● **WHAT TO DO**
Among the entries below, count the lines containing the string "allow". Only the count is needed.

● **PROVIDED RECORDS**

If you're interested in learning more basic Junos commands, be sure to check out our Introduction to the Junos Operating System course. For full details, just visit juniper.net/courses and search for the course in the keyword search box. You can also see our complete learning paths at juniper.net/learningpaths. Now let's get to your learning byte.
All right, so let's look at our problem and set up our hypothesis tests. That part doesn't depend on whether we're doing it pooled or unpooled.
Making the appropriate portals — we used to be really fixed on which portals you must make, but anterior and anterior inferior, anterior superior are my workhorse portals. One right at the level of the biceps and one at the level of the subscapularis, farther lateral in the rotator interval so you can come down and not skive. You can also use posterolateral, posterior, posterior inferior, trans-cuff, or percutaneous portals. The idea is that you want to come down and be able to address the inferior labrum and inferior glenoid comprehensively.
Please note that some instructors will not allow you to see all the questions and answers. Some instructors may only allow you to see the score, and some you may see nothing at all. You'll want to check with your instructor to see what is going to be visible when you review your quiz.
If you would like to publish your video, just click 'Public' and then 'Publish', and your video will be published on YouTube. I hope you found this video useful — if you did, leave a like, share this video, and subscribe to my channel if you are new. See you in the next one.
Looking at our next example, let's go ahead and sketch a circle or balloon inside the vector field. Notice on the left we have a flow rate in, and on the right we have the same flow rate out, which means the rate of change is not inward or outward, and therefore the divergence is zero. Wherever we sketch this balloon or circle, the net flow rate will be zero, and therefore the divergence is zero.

* * *

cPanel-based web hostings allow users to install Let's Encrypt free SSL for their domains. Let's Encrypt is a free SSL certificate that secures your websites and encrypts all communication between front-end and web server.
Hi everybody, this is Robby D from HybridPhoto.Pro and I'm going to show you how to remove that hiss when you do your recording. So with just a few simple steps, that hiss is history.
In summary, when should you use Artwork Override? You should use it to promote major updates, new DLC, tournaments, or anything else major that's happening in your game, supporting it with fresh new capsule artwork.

...

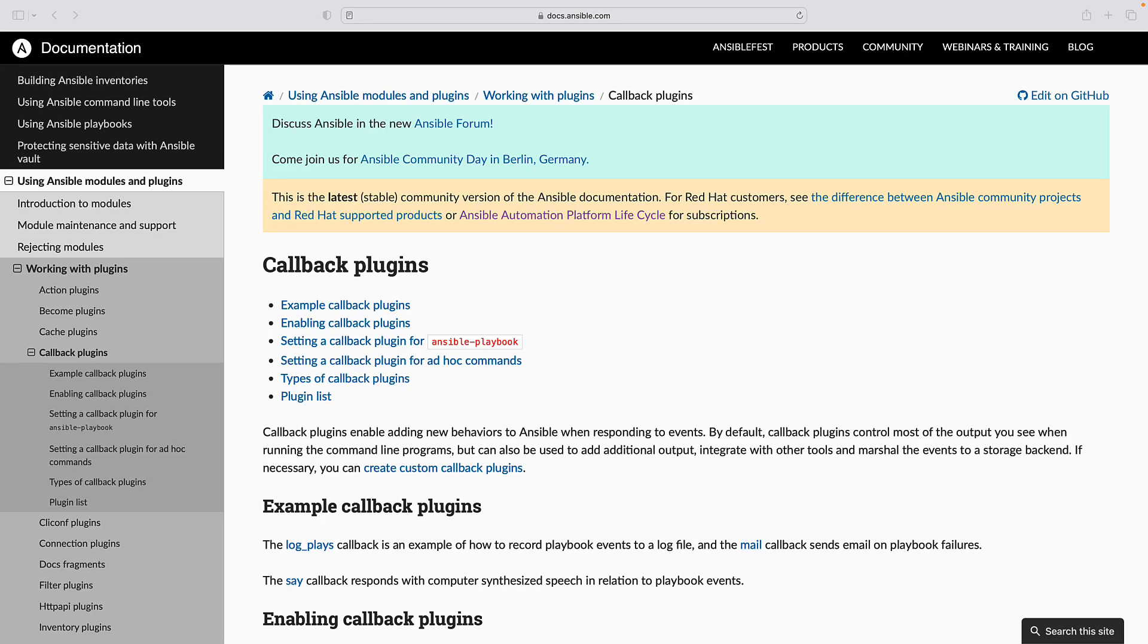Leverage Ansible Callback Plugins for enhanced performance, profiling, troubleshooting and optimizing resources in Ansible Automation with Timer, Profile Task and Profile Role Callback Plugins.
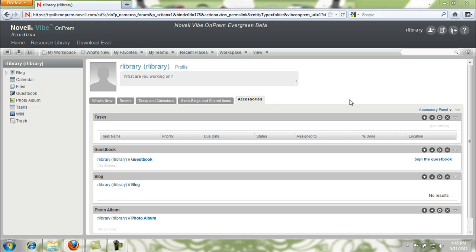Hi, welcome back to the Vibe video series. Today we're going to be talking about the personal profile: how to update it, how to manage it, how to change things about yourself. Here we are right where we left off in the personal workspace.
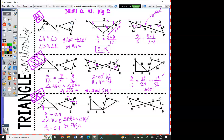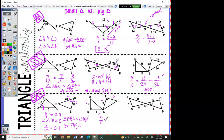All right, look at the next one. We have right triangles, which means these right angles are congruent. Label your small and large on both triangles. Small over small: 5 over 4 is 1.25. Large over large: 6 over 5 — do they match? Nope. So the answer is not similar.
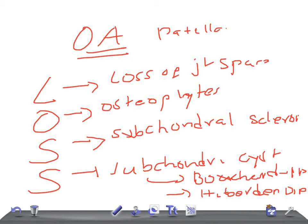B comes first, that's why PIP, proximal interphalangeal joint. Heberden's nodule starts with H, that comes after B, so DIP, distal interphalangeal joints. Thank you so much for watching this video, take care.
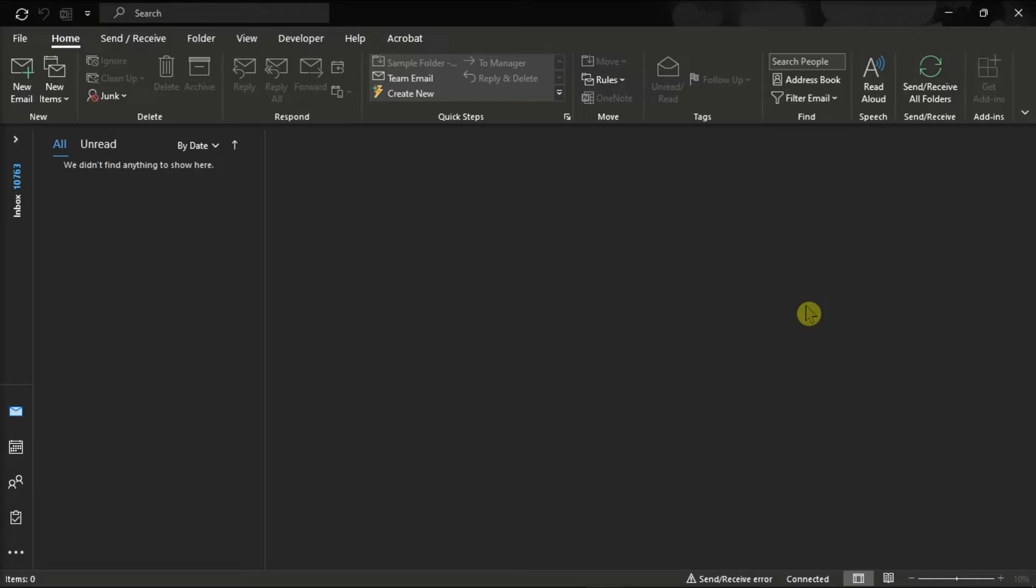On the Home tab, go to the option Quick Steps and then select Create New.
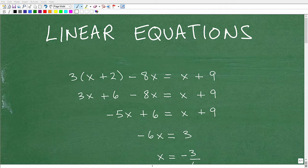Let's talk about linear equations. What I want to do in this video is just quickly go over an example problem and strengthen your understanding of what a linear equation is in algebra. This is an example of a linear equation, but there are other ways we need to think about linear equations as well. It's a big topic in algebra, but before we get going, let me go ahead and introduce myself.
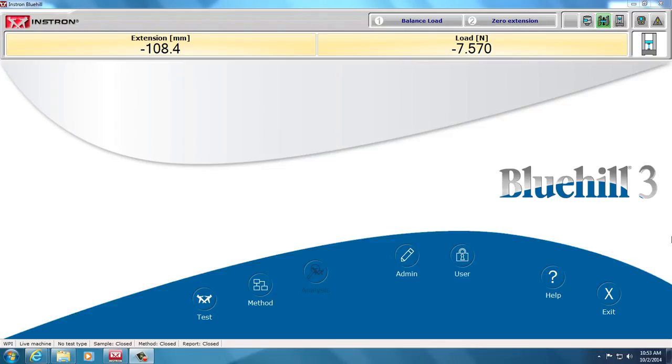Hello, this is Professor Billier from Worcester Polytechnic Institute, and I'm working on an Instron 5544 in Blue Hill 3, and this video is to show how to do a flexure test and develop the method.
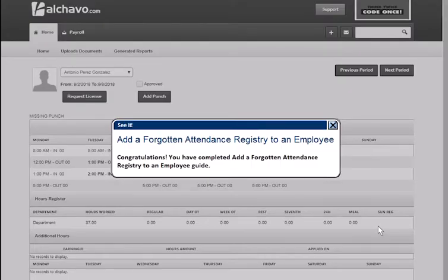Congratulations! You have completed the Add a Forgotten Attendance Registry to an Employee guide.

● **EXPECTED ANSWER**
2